Every line from the beginning of the data through the line containing "DH distribution new investments" should be reproduced exactly, and no further lines should be output.

◆ RECORDS FOR THIS TASK ◆
● ● ●

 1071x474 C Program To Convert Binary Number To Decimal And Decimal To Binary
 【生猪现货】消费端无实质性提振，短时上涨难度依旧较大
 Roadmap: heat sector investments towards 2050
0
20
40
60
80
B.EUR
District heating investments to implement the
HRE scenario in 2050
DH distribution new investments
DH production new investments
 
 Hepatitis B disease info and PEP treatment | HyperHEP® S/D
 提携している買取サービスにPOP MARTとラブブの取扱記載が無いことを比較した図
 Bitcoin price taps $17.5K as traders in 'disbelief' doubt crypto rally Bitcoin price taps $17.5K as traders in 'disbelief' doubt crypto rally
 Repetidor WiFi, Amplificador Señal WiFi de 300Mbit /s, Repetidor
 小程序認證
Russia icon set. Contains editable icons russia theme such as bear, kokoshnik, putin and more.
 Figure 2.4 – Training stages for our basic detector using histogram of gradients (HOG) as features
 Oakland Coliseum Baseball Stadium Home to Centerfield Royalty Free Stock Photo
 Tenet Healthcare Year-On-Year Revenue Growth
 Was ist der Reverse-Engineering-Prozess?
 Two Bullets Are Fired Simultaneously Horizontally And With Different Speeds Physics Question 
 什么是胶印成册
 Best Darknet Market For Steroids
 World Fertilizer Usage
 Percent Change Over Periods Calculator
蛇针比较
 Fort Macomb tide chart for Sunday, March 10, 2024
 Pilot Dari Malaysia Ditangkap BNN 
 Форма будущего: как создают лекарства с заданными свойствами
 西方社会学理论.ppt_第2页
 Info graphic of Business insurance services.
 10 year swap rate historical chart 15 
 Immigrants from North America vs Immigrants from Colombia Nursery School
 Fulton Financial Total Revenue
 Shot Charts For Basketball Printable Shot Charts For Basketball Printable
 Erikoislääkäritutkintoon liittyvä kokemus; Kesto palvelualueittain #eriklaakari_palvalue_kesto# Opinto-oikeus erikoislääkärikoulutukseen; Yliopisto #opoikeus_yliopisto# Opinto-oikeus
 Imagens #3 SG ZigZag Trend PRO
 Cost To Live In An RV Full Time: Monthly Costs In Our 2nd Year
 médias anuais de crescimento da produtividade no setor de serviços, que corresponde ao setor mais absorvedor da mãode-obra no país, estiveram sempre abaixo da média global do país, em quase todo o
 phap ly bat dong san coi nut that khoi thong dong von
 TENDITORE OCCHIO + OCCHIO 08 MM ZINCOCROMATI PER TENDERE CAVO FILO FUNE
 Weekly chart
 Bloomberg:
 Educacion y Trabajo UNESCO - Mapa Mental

● ● ●

◆ TASK RESULT ◆
 1071x474 C Program To Convert Binary Number To Decimal And Decimal To Binary
 【生猪现货】消费端无实质性提振，短时上涨难度依旧较大
 Roadmap: heat sector investments towards 2050
0
20
40
60
80
B.EUR
District heating investments to implement the
HRE scenario in 2050
DH distribution new investments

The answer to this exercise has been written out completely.